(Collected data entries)
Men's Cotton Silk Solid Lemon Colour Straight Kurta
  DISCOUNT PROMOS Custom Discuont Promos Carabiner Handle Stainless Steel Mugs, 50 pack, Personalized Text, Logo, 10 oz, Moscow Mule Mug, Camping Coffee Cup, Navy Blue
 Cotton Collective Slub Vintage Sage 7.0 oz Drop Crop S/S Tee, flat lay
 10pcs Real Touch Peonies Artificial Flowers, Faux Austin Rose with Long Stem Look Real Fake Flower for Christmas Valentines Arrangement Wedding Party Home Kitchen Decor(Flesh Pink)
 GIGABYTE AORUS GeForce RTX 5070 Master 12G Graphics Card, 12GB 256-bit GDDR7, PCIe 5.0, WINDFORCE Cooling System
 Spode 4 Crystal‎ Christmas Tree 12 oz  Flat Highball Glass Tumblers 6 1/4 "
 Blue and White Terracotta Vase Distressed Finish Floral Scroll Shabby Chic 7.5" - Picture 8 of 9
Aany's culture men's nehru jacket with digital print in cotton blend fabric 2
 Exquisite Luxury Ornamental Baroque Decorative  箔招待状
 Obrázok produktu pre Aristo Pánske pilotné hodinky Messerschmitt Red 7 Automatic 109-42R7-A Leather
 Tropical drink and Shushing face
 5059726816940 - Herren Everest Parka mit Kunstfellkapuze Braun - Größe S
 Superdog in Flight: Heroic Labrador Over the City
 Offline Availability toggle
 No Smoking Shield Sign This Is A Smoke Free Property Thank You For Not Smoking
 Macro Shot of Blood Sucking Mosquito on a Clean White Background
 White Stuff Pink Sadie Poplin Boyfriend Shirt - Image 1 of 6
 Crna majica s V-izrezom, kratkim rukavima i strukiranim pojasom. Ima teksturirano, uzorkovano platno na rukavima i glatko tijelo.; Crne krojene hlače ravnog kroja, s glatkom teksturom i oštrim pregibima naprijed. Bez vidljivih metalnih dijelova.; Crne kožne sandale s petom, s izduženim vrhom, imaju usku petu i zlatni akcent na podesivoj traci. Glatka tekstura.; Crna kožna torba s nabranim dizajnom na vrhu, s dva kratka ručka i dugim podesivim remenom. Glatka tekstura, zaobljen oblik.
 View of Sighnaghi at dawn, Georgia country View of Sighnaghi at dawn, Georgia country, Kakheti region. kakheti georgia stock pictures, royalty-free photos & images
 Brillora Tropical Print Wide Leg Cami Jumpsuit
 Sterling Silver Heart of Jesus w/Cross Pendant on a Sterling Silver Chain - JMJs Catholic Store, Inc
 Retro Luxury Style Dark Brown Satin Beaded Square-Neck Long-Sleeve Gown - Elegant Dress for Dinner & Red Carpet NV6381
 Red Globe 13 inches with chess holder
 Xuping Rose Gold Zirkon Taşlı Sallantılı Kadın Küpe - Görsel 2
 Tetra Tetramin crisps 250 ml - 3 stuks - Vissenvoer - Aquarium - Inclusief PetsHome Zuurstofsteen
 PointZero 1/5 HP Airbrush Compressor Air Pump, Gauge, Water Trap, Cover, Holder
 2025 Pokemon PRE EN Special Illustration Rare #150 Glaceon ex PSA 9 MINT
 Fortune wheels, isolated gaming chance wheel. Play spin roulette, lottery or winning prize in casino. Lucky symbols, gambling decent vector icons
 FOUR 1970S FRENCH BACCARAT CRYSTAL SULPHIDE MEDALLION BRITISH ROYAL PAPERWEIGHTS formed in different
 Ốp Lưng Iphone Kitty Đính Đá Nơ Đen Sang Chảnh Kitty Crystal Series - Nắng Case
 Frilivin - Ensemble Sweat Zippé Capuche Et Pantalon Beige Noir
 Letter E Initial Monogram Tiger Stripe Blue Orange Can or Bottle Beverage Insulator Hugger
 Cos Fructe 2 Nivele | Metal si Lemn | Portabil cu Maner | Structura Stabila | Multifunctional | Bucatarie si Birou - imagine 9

== PROMPT ==
Among the records above, repeat exactly the line with "5059726816940 - Herren", the line with "No Smoking Shield", and every line in between, and only those.

== ANSWER TO THIS EXERCISE ==
 5059726816940 - Herren Everest Parka mit Kunstfellkapuze Braun - Größe S
 Superdog in Flight: Heroic Labrador Over the City
 Offline Availability toggle
 No Smoking Shield Sign This Is A Smoke Free Property Thank You For Not Smoking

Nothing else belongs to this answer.